目尻に涙を浮かべたターニャは、優しく微笑みながらフラッフィーの頭をひと撫でした。


『お話してくれてありがとう、フラッフィー。お姉ちゃんも、フラッフィーが猫のまま暮らしていけるようにフラッフィーのことを助けるね』


『(おねえちゃん…!ありがとう)』


『悪魔にならないように、これからフラッフィーにはいろんなことを覚えてもらわなきゃいけないけど…ちゃんと出来るかな?』


『(うん!出来る!)』


『ふふっ、いいこ』



何度か頭を撫でると、立ち上がったターニャが俺とミシェルの方に戻ってきた。

ゆっくりと瞬きをして、光っていた黄色の瞳が元の状態に戻る。


「お待たせ。フラッフィーと話して来たよ」



話に行く前と比べると少し表情が暗い気がしなくもないが、俺が普段聞くことができない内容まで聞く事が出来たのだろう。

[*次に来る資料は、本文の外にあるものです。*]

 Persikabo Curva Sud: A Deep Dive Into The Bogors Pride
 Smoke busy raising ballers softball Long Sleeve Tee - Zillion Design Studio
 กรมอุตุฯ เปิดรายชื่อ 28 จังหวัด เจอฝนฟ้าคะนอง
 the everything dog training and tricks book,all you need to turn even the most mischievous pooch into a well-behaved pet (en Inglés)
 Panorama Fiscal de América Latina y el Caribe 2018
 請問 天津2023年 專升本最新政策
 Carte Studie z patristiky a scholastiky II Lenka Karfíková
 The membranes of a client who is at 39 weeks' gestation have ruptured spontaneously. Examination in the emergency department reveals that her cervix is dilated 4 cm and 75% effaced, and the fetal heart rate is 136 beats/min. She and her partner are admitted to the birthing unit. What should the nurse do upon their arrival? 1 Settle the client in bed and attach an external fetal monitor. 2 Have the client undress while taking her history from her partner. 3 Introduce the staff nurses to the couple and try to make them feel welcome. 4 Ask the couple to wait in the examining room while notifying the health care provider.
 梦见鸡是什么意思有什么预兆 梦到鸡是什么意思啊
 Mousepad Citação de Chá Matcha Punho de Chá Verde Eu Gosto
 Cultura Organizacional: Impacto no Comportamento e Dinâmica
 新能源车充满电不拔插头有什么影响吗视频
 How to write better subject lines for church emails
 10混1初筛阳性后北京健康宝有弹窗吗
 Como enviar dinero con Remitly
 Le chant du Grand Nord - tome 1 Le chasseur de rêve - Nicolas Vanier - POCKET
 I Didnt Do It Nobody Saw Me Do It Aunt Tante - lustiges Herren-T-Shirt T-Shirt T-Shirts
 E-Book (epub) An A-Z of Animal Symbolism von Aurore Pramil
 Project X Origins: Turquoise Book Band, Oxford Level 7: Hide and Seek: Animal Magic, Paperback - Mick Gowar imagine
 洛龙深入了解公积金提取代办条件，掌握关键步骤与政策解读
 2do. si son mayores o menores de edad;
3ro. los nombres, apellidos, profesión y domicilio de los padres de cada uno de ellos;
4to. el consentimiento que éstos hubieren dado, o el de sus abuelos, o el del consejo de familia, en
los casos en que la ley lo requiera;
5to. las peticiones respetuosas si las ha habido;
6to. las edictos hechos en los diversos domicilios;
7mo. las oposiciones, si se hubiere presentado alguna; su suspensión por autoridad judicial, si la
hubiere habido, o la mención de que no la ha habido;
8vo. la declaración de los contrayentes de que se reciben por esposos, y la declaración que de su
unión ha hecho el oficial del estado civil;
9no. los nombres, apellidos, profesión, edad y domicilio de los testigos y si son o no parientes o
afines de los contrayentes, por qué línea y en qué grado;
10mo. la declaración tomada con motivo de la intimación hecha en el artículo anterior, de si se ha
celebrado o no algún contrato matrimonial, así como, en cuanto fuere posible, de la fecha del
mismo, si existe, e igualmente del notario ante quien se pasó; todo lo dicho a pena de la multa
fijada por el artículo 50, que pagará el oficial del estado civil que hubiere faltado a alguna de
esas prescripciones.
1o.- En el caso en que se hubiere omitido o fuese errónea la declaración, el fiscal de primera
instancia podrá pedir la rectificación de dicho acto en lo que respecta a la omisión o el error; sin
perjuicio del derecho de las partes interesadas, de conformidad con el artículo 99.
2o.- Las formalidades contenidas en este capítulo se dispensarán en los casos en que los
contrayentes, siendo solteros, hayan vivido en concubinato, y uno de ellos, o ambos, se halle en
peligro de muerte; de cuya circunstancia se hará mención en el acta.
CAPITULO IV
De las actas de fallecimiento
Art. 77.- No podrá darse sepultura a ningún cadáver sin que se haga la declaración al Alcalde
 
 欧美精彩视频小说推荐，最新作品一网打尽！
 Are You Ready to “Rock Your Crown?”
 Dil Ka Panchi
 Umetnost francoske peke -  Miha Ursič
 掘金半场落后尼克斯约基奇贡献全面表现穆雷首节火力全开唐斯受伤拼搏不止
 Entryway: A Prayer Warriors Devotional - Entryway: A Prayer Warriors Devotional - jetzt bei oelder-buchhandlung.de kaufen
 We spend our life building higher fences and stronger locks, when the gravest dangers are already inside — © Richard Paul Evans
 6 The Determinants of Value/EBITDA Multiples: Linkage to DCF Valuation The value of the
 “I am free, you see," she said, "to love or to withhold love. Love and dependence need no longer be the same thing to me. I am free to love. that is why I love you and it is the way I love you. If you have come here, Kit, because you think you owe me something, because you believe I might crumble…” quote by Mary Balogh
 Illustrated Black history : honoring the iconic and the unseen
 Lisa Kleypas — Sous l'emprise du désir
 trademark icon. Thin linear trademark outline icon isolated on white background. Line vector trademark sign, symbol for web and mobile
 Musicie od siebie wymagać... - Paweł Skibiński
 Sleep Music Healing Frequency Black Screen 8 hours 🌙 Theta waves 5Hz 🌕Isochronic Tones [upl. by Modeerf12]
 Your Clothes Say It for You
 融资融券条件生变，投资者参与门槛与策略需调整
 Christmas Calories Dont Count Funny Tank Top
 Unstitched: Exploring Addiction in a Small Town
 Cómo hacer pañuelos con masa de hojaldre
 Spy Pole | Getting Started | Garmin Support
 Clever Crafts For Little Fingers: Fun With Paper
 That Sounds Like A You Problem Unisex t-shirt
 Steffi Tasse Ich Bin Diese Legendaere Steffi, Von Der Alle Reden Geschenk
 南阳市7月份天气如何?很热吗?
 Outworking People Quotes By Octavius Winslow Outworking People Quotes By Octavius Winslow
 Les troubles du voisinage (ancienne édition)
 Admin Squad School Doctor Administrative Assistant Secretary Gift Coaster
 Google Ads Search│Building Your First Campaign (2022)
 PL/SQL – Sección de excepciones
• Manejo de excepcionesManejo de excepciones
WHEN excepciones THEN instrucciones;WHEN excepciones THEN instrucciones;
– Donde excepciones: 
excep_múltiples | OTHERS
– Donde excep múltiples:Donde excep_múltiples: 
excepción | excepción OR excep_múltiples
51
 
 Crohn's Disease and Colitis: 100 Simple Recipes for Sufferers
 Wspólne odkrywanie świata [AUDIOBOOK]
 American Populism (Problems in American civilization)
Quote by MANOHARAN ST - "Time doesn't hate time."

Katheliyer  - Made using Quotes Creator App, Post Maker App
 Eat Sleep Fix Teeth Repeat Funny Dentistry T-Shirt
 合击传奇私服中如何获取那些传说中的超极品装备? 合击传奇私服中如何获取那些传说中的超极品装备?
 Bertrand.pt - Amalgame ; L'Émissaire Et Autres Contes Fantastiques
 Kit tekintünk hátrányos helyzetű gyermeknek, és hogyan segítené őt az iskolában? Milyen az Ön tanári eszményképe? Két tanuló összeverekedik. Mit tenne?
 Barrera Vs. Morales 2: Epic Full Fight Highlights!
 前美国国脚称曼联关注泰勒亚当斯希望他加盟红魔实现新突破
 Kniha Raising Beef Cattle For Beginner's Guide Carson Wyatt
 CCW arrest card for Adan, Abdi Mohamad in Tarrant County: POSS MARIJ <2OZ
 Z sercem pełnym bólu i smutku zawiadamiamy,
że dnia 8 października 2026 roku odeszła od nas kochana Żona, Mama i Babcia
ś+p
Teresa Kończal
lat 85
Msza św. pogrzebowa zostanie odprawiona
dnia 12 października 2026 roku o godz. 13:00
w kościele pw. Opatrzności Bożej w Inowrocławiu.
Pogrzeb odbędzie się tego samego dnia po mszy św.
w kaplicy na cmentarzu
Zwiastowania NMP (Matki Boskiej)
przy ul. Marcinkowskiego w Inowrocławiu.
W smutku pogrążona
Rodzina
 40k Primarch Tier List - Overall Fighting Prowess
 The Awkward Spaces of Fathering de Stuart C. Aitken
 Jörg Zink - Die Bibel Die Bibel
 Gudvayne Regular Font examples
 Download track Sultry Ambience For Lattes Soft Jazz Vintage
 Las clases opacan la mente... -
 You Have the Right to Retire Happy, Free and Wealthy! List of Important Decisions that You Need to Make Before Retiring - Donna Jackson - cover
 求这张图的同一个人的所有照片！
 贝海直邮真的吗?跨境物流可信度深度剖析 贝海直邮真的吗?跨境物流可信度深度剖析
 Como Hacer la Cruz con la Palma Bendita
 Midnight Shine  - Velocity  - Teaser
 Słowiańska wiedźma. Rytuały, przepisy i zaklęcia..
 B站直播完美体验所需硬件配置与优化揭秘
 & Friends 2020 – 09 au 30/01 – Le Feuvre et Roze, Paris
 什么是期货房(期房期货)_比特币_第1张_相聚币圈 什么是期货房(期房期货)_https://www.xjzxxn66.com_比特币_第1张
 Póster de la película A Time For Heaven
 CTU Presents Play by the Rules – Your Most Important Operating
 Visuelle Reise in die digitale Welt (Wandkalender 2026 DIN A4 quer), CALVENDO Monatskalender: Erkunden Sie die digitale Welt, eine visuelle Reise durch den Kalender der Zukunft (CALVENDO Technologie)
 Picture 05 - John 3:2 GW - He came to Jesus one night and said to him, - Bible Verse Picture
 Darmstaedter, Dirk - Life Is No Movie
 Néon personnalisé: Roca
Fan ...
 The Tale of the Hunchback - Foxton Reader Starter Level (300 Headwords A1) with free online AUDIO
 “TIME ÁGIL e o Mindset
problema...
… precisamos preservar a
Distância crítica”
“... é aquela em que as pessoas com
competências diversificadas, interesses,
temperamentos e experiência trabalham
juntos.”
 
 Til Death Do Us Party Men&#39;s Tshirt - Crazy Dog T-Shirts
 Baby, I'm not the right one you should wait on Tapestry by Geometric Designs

フラッフィーと話した会話の内容が気になった俺は、早速聞いてみる事にした。


「フラッフィーとどんなことを話していたんだ?」


「あの子の親の事、征十郎のところに来た経緯について。…それと、黒を持つ者について…全部聞いたわ」


「なっ…!フラッフィーに黒を持つ者のことまで聞いたのか!?」


まさかそんなことまで話していたとは知らず、俺は声を荒げた。

だが、ターニャは動じることなく、暗い表情のまま俺を真っ直ぐに見つめながら答えた。


「あの子は、自分が黒を持つ者だという事も知っていたし、悪魔の力に目覚める可能性があるという事も…すべて知っていたわ」


「――ッ!!」


「フラッフィーは本当にいい子ね……。アンタの事を心から信頼しているみたいだったし、悪魔にならないように助けるってアンタが言ったのをすごく嬉しがっていて…悪魔になりたくないって言ってたわ」


「フラッフィーが…?」


「うん」


フラッフィーが人間の言葉を理解しているのではないかと思った事は何度もあったが、本当に理解しているとは思わずに驚いた。

だが、同時に俺の気持ちがちゃんと伝わっていることが嬉しくもあった。


俺がフラッフィーを助けたいという気持ちは間違ってはいなかったのだ。